Hi, I am retired and have losses in my discretionary trust. I have been offered a full time job and am wondering if I can invoice my employer instead of receiving a direct salary. I would imagine this would be cheaper for the employer and obviously beneficial to me to utilise losses. Thanks
I don't think PSI will necessarily stop you from doing this - contractors do it all the time. The point of PSI is to sweep up all those people trying to avoid paying tax via PAYG ... so PSI will force you to pay tax on the income as if you were a regular employee. I'm not sure what impact that has on the mechanics of working via a business vs personal and whether it makes it too difficult to do.

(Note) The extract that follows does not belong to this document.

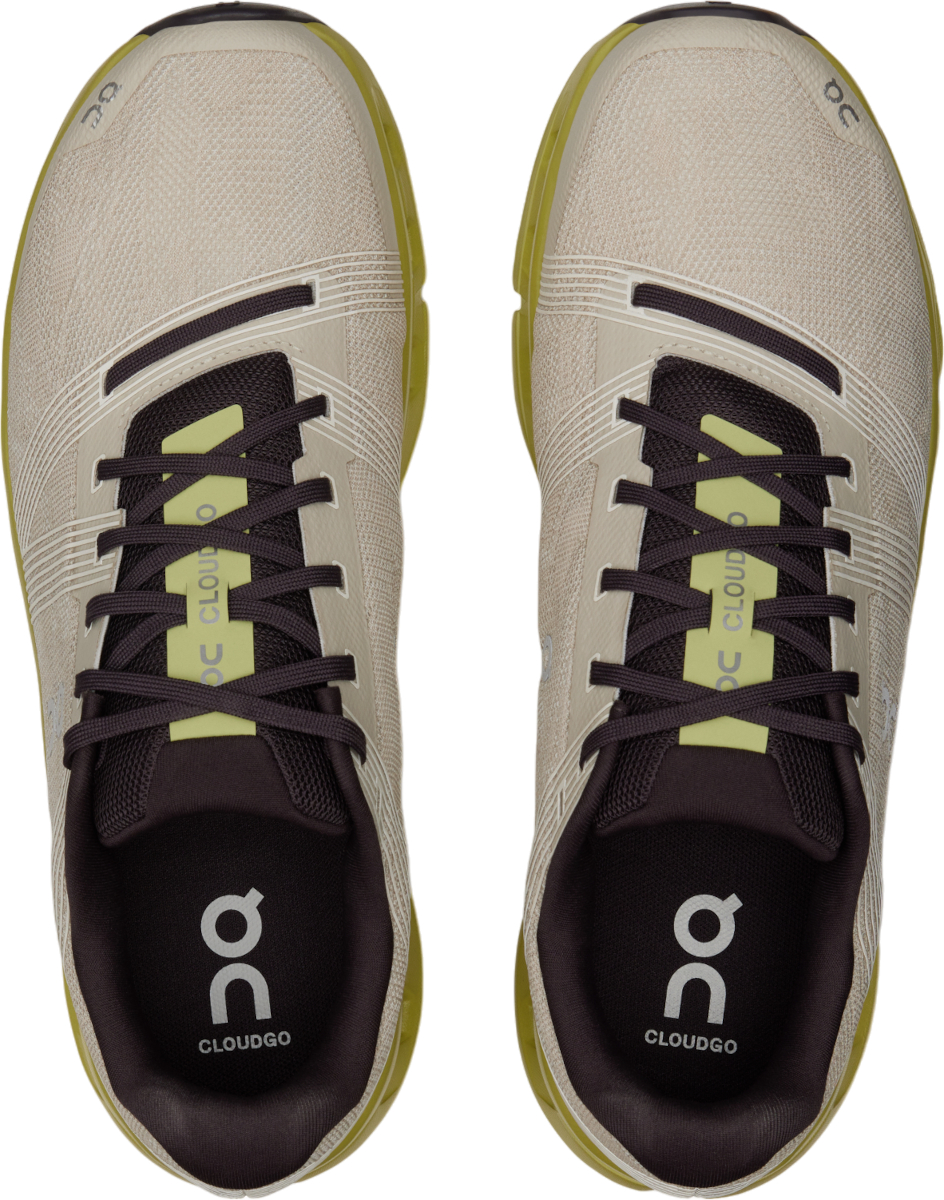 Shoes On Running Cloudgo - Top4Running.com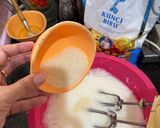 Foto langkah ke 3 dari resep Chiffon cake vanilla.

Some considerations: - are the losses income or capital? - have the trust made a family trust election to carry these forward? If you are an employee then no way to get the income into the trust directly. If you can contract to the company then maybe. But you are to overcome a variety of tests designed to prevent this. A good way forward may be to set up a new trust for investing and have this trust distribute to the old trust. Make sure you get proper advice though.

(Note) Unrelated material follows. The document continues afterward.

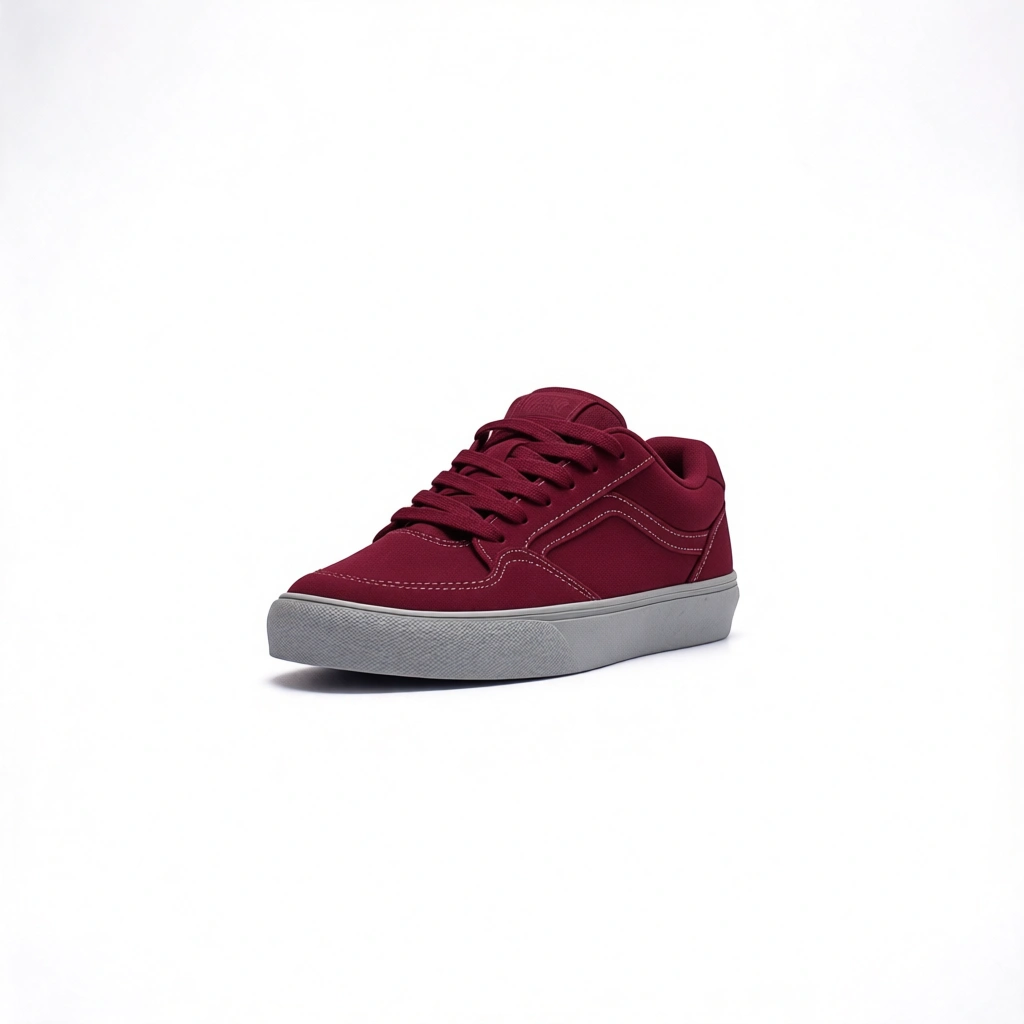 Rendered shoe — Catalog Variant Generator (Recolor)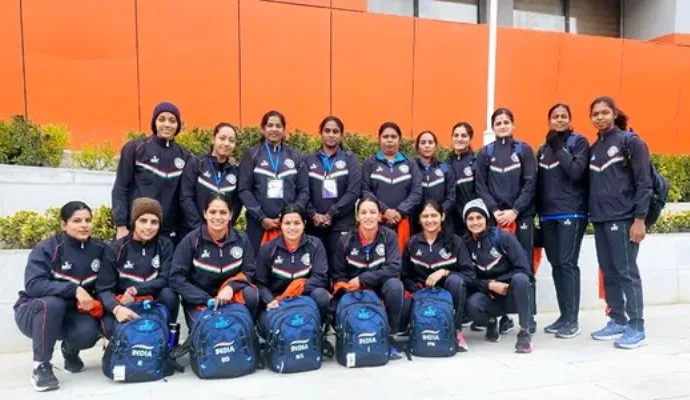 Asian Kabaddi Championship 2025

Terryw great advice. Yes the new rules for contractors are designed for exactly what this liverpool st is trying to do. Sound advice indeed.

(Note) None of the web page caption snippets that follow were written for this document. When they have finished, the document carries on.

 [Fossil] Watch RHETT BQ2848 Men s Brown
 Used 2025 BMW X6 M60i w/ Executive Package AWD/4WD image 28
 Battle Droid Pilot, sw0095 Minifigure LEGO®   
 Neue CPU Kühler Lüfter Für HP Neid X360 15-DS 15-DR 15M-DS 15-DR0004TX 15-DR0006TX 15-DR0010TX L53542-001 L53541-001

New Job Hi Jodie123, Sorry for delay. I haven't started the job as yet. Basically I took a redundancy with Defence and my wife and I went travelling overseas. I would have been happy to remain overseas in Asia but I was out ranked by management (AKA my wife) so we came back to Oz. During this time my clearance lapsed (Positive Vet). 2 months ago I was approached and offered a job with a consultancy firm in Sydney, unfortunately I am now undergoing a lengthy security assessment. I wasn't looking for work but I was a Navra "investor" so off I go to work. When I commence employment I will salary sacrifice into Superannuation and set up a drawdown what each month (I am over 60). LS.